(Records excerpted from a collection)
/---

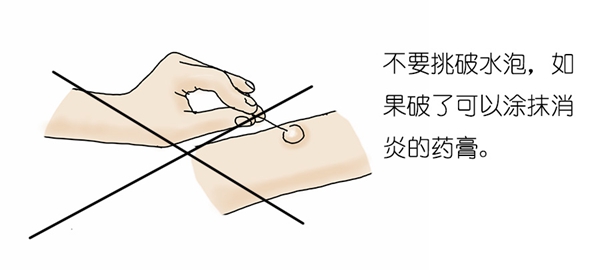 烫伤_19.jpg 烫伤_19.jpg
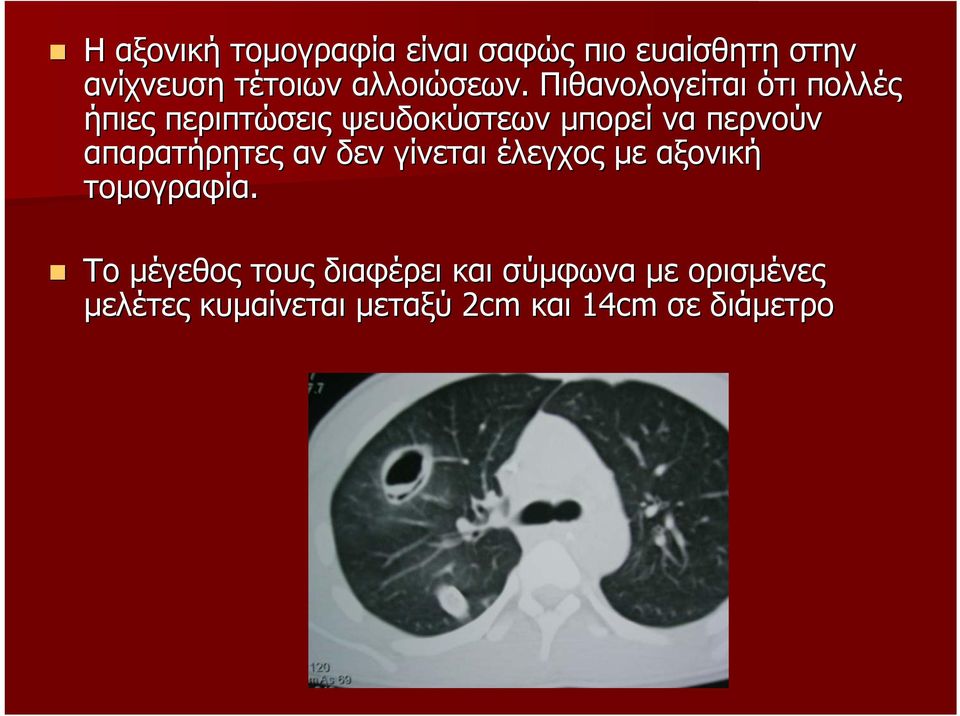Πιθανολογείται ότι πολλές ήπιες περιπτώσεις ψευδοκύστεων µπορεί να περνούν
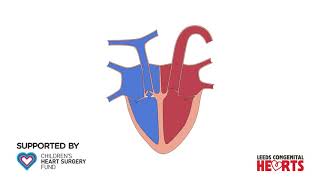 Tetralogy of Fallot [upl. by Mccoy959]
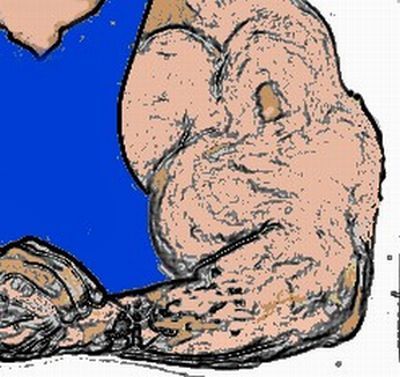 When Synthol Utilisation Goes Wrong! (53 pics)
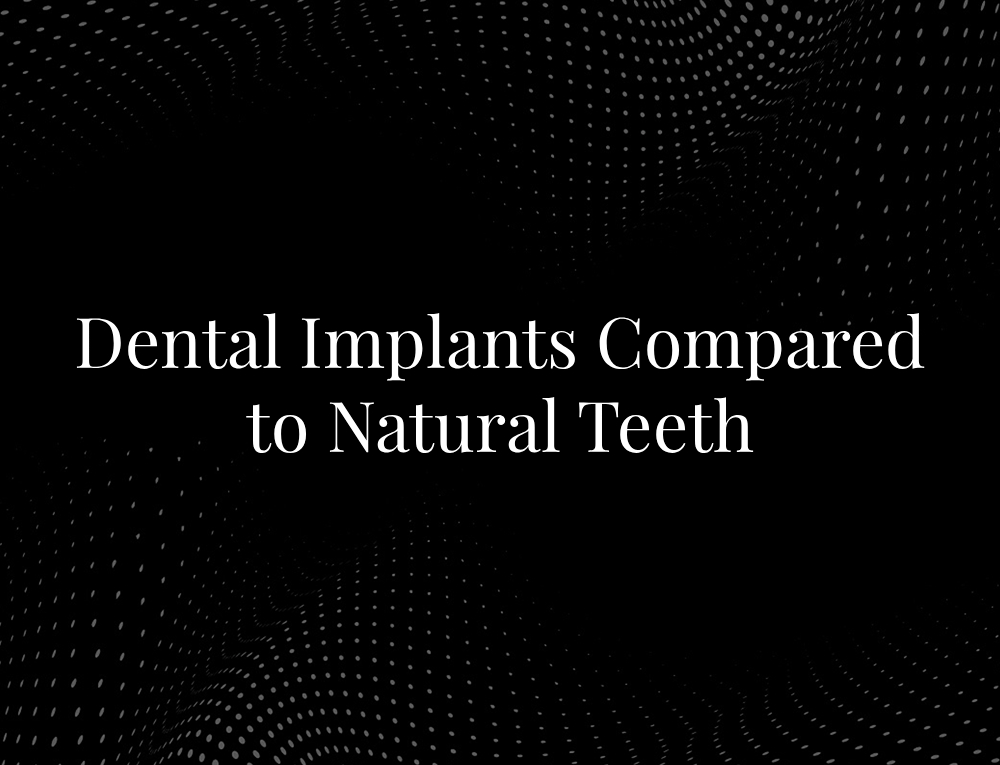 Dental Implants Compared to Natural Teeth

\---

Transcribe exactly the span of lines that opens with the line holding "When Synthol Utilisation" and closes with the last line of the entries above. Omit pictures.

 When Synthol Utilisation Goes Wrong! (53 pics)
 Dental Implants Compared to Natural Teeth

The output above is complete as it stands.